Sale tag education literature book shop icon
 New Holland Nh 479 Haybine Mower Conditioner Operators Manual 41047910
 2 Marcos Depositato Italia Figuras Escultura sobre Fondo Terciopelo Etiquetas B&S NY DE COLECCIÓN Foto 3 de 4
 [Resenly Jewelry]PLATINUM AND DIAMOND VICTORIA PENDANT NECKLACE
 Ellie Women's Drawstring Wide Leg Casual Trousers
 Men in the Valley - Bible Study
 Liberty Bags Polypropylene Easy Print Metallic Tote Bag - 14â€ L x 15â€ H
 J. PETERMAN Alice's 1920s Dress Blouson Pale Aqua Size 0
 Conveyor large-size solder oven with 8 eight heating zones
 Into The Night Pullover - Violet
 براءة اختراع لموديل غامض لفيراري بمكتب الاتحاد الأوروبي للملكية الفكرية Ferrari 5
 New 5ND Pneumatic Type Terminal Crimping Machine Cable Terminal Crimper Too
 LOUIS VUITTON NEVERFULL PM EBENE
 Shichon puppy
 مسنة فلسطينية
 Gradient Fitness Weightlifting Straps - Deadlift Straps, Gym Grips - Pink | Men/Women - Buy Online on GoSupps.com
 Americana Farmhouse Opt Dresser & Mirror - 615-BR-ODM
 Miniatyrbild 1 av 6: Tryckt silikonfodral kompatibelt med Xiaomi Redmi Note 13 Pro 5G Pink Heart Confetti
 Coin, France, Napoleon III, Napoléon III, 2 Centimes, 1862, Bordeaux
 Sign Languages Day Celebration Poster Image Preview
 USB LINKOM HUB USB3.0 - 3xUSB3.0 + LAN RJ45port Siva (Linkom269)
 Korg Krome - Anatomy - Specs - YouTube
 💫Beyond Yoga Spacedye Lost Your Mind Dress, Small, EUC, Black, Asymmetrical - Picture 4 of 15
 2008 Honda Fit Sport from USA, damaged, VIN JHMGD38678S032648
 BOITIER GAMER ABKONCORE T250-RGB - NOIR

=====

Transcribe the whole listing exactly.

- Completed task -
Sale tag education literature book shop icon
 New Holland Nh 479 Haybine Mower Conditioner Operators Manual 41047910
 2 Marcos Depositato Italia Figuras Escultura sobre Fondo Terciopelo Etiquetas B&S NY DE COLECCIÓN Foto 3 de 4
 [Resenly Jewelry]PLATINUM AND DIAMOND VICTORIA PENDANT NECKLACE
 Ellie Women's Drawstring Wide Leg Casual Trousers
 Men in the Valley - Bible Study
 Liberty Bags Polypropylene Easy Print Metallic Tote Bag - 14â€ L x 15â€ H
 J. PETERMAN Alice's 1920s Dress Blouson Pale Aqua Size 0
 Conveyor large-size solder oven with 8 eight heating zones
 Into The Night Pullover - Violet
 براءة اختراع لموديل غامض لفيراري بمكتب الاتحاد الأوروبي للملكية الفكرية Ferrari 5
 New 5ND Pneumatic Type Terminal Crimping Machine Cable Terminal Crimper Too
 LOUIS VUITTON NEVERFULL PM EBENE
 Shichon puppy
 مسنة فلسطينية
 Gradient Fitness Weightlifting Straps - Deadlift Straps, Gym Grips - Pink | Men/Women - Buy Online on GoSupps.com
 Americana Farmhouse Opt Dresser & Mirror - 615-BR-ODM
 Miniatyrbild 1 av 6: Tryckt silikonfodral kompatibelt med Xiaomi Redmi Note 13 Pro 5G Pink Heart Confetti
 Coin, France, Napoleon III, Napoléon III, 2 Centimes, 1862, Bordeaux
 Sign Languages Day Celebration Poster Image Preview
 USB LINKOM HUB USB3.0 - 3xUSB3.0 + LAN RJ45port Siva (Linkom269)
 Korg Krome - Anatomy - Specs - YouTube
 💫Beyond Yoga Spacedye Lost Your Mind Dress, Small, EUC, Black, Asymmetrical - Picture 4 of 15
 2008 Honda Fit Sport from USA, damaged, VIN JHMGD38678S032648
 BOITIER GAMER ABKONCORE T250-RGB - NOIR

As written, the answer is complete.